For the first 4 weeks, I had 24 hour care with her, and dropped it to 8 hours a few weeks ago. She is ready to not have the caregivers, so I was going to stop them next week. While this is money I need to save for my own potential care, so as not to burden my kids, I did feel the care was needed, for mom and my sanity! Her regular caregiver takes a day or 2 off, where either her sister or mother came instead. This is a delightful family, and I think they do a great job with mom. Today, the regular caregiver told mom she wouldn’t be there Sunday and Monday, something I have know all week. We were both chicken to tell mom as we knew she wouldn’t be happy. Not 5 minutes after the caregiver left, mom called me to tell me how she can not have “those people” in her house sitting in her chair and staring at her. Mom’s place is small, so other than sitting in the LR with her, there isn’t anywhere else for them to be.

This past week was the 2nd year anniversary of my husband’s death. While mom knew I was going to the cemetery after I visited with her, she didn’t say a word to me. The next day I told her about my visit; she still didn’t acknowledge the date. She was able to tell me about the fig newton I brought the week before were not fresh and they were a different package than before; I bought the exact package from the same store, but she insisted she was right!
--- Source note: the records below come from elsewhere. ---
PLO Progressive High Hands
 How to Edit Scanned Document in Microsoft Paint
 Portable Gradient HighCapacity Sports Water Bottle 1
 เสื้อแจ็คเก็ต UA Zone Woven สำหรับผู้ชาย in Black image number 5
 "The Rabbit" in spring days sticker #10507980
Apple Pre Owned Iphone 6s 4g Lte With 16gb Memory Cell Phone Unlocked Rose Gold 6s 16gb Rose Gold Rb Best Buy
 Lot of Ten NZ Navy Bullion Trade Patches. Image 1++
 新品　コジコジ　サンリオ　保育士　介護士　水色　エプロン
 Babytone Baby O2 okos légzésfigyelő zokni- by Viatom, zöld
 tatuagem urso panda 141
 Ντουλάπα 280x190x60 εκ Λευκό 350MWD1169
As there doesn’t seem to be any way to keep mom happy, how do I keep my sanity and not bite my tongue off? If I didn’t laugh, I would cry and I am not a crier. My aunt and I commiserate, sharing the stories she tells each of us. When my mother would tell a story, it always had details that were not true. She would be telling a group about my son as a child, with details that were made up. My uncle uses to say, “Don’t let the true get in the way of a good story.” When talking about mom. My 2 closest friends listen and are good listeners, but I hate burdening them all the time. Unfortunately, this is just the tip of the iceberg, and it is already too much. I care about my mother, and want her cared for, but she is bleeding me emotional. The financial will work its way out, assuming she doesn’t need care forever.